Thus, it was quite advantageous for Alan Greenspan’s legacy as Chair of the Federal Reserve and what might have been an even worse economic slump that the Fed was given carte blanche to funnel hundreds of billions of dollars to Wall Street after 9/11 with the Federal government pumping billions more in fiscal stimulus.

According to a report from the New York Fed, an “unprecedented” amount of liquidity was pumped into the system. The Congressional Research Service quantifies the “unprecedented” amount as “$100 billion per day” over a three-day period beginning on 9/11. But the idea that the bailout lasted only a few days or weeks is misguided. The consolidated annual reports of the Federal Reserve Banks show that the Fed’s balance sheet grew from $609.9 billion at the end of 2000 to $654.9 billion at the end of 2001 to $730.9 billion at the end of 2002 and $771.5 billion as of December 31, 2003.

According to the 2001 Annual Report of the Chicago Fed, one unnamed bank was so grateful for the largess flowing from the Fed that it sent “a thousand packages of LifeSavers candy to each of the 45 Fed offices.”

A report prepared by Stacy Panigay Coleman for the Federal Reserve’s Division of Reserve Bank Operations and Payment Systems indicated that the flood of money took various forms on and after 9/11:

A handful of the largest, again unnamed, Wall Street banks were dramatically overdrafting their accounts at the Fed, resulting in daylight overdrafts peaking at “$150 billion on September 14, their highest level ever and more than 60 percent higher than usual….” According to other annual reports at regional Fed banks, fees were waived by the Fed for these massive overdrafts.

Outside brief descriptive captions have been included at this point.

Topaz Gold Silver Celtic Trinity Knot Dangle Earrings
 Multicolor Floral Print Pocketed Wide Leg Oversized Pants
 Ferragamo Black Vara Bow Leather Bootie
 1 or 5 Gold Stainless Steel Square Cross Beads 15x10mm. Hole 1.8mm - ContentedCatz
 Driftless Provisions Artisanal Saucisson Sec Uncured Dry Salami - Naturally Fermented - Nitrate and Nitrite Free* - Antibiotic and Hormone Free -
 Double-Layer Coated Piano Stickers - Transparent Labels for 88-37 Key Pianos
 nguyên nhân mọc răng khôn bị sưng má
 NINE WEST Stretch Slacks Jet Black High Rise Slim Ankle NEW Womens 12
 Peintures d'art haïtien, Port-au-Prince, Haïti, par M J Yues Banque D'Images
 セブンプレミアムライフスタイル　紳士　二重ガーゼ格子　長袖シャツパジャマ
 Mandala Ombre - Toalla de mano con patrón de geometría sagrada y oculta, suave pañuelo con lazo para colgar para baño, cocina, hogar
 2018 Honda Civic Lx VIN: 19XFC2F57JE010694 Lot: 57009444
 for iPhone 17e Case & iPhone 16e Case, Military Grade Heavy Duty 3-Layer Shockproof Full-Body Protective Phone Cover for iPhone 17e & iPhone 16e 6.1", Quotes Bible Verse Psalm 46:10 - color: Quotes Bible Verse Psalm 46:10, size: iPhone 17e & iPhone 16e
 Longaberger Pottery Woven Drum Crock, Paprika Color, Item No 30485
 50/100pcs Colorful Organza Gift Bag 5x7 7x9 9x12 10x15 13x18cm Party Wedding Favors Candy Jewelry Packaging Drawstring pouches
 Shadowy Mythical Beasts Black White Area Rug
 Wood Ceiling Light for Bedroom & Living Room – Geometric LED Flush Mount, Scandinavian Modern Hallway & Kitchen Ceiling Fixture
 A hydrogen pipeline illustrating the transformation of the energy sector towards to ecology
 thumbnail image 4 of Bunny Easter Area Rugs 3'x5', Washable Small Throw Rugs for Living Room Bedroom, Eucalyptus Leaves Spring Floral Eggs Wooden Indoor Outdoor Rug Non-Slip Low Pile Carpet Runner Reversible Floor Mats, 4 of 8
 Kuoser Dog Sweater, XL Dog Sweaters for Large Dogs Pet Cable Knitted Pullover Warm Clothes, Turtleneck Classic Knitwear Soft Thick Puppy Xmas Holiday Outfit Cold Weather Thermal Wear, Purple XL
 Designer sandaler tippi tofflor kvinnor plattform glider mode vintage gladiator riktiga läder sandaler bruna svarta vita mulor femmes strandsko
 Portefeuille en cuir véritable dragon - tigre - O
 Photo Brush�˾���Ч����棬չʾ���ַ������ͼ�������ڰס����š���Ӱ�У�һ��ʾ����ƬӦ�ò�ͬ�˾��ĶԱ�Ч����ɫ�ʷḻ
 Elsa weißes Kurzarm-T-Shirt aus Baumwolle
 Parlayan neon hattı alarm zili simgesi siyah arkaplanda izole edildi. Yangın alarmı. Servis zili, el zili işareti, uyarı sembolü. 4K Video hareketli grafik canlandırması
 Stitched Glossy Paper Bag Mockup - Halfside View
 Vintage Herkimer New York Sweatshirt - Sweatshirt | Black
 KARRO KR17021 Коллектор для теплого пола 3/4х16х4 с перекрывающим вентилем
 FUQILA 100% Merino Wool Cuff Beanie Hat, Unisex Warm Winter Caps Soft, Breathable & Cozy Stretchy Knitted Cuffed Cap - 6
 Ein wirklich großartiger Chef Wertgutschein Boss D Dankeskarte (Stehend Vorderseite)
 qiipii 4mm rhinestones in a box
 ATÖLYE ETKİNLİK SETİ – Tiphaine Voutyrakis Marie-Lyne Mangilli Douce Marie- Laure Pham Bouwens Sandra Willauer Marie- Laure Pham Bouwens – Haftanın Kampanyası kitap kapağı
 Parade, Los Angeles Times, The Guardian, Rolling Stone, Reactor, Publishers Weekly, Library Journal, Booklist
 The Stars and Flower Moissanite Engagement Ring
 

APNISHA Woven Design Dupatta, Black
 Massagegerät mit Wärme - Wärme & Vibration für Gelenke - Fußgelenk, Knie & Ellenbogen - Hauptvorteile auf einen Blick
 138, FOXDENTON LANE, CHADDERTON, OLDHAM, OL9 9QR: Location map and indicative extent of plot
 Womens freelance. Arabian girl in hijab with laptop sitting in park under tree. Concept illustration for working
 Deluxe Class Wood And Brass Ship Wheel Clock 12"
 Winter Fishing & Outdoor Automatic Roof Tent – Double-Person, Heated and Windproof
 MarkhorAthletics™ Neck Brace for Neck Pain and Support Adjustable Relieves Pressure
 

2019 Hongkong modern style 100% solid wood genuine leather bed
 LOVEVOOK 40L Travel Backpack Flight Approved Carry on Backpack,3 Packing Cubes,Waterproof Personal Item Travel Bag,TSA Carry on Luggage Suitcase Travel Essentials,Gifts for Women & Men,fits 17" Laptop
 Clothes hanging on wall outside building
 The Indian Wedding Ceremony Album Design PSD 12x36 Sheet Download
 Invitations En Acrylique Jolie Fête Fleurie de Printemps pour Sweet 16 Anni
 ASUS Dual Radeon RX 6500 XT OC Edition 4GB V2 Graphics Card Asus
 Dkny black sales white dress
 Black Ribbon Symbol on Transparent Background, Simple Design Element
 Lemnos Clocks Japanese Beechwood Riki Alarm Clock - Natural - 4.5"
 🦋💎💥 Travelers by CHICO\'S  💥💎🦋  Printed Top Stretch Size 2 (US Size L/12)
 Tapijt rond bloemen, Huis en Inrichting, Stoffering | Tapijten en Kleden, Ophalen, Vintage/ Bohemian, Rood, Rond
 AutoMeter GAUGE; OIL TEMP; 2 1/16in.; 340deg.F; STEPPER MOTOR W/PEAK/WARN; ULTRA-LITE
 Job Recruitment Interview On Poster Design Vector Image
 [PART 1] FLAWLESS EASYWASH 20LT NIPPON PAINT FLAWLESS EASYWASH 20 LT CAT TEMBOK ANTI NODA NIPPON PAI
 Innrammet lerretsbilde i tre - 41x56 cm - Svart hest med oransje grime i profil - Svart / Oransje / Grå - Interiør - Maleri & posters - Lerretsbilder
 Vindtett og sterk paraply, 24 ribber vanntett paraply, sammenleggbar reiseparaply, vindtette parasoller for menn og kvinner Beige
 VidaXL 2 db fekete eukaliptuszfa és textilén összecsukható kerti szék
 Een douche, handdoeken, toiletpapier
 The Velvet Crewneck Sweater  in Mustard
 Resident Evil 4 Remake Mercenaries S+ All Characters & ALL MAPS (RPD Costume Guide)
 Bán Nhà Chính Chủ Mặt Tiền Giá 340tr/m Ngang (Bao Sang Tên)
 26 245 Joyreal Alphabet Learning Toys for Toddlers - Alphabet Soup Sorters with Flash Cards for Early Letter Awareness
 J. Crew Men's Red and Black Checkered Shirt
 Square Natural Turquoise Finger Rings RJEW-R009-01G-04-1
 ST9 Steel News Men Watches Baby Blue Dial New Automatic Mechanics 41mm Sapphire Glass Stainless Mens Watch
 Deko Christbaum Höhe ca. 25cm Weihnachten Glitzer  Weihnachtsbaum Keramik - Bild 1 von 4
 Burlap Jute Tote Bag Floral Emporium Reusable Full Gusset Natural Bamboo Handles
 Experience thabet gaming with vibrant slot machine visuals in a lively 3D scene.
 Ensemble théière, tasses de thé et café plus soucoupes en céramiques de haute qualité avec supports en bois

Coleman reports that “discount window loans rose from around $200 million to about $45 billion on September 12.”

Gail Makinen, Coordinator Specialist in the Economic Policy, Government and Finance Division of the Congressional Research Service delivered a 60-page report on other flows of money as a result of 9/11. Makinen found that New York City received the following in Federal aid as of the date of her report in September 2002:

“$11.2 billion appropriated in September 2001 for debris removal and direct aid to affected individuals and businesses [again, the businesses go unnamed]; just over $5 billion in economic development incentives was approved in March 2002; and another $5.5 billion for a variety of infrastructure projects for New York City was approved in August 2002.”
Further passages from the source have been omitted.